When I run the simulation, people do in fact align into different groups. So far, always 2 groups. But the alignment process doesn't give either group better overall accuracy. This shows that you don't need any internal coherence or problem understanding for people to align into groups. Attributing accuracy to people who tend to agree with you, and inaccuracy to those who disagree with you, produces saddle-point dynamics. Once the initial random distribution gets off the saddle point, the groups on the opposite sides each rapidly converge to their own attractor.
What's especially interesting is that this way of judging people's accuracy doesn't just cause different groups to converge to different points; it causes the groups to disagree with each other on every point. There isn't one "right" group and one "wrong" group; there are two groups that are right about different things. Their agreement within a group on some topics indirectly causes them to take the opposite opinion on any topic on which other groups have strong opinions. In other words: My enemy's belief P is evidence against P.

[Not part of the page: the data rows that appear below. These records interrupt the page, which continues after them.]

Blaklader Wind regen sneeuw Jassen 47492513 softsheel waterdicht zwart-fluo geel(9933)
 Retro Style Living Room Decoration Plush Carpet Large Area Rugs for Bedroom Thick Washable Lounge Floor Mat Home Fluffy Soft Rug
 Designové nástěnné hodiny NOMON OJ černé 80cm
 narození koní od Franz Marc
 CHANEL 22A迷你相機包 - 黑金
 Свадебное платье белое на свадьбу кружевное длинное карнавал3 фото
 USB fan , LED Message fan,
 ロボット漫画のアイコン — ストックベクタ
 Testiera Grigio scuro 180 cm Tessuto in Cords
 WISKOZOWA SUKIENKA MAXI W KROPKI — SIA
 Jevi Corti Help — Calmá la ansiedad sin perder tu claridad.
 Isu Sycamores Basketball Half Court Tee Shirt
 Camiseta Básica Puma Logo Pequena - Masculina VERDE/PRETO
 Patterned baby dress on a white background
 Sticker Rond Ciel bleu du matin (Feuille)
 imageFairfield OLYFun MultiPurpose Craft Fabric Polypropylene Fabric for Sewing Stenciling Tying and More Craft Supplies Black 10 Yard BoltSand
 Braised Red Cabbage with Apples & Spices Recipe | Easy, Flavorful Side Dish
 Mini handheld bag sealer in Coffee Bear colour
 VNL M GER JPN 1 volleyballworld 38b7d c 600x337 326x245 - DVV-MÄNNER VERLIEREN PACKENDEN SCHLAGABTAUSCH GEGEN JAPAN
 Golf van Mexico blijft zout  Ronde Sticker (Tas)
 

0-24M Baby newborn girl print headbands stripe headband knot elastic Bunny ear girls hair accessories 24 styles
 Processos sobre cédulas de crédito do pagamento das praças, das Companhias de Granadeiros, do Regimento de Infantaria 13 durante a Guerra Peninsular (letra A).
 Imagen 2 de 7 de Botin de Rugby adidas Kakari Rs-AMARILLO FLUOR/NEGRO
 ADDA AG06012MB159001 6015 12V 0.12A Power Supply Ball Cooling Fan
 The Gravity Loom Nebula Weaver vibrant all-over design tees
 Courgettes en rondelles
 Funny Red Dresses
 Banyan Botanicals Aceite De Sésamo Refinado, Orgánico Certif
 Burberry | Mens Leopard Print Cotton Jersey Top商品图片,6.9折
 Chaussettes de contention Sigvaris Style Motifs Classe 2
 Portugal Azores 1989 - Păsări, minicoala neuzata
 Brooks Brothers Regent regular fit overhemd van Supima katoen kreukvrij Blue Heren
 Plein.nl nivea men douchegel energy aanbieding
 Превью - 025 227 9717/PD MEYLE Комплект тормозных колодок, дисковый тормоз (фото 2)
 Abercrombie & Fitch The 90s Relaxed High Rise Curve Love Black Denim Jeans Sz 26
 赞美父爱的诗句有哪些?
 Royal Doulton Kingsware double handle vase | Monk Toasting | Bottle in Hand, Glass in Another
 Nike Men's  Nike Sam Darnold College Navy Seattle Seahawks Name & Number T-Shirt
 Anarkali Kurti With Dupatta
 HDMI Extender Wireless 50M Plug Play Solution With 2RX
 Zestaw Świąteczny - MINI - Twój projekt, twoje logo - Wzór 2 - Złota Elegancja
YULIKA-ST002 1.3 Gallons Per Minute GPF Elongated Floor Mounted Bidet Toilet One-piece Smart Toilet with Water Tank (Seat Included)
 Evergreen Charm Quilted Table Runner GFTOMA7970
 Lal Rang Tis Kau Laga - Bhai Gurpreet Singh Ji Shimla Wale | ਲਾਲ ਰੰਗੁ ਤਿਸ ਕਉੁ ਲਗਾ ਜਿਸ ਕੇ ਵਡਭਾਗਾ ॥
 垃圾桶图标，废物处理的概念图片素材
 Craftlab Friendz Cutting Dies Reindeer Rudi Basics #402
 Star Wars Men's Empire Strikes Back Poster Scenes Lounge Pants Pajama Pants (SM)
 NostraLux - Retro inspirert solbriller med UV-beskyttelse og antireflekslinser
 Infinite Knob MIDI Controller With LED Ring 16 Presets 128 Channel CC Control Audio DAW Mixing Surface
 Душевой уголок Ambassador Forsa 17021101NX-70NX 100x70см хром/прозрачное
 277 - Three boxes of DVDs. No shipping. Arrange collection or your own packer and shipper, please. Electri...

(Sleeping Beauty isn't the subject of this post.)
Does the 2-group split stay even if you continue the simulation until all answers have been revealed?
If you increase the standard deviation of p[i] so there are more very right and very wrong guessers, do they tend to split more into right and wrong groups? I expect they would.
Good question - no; revelation of answers eventually causes convergence into 1 group.
It makes the splitting happen faster.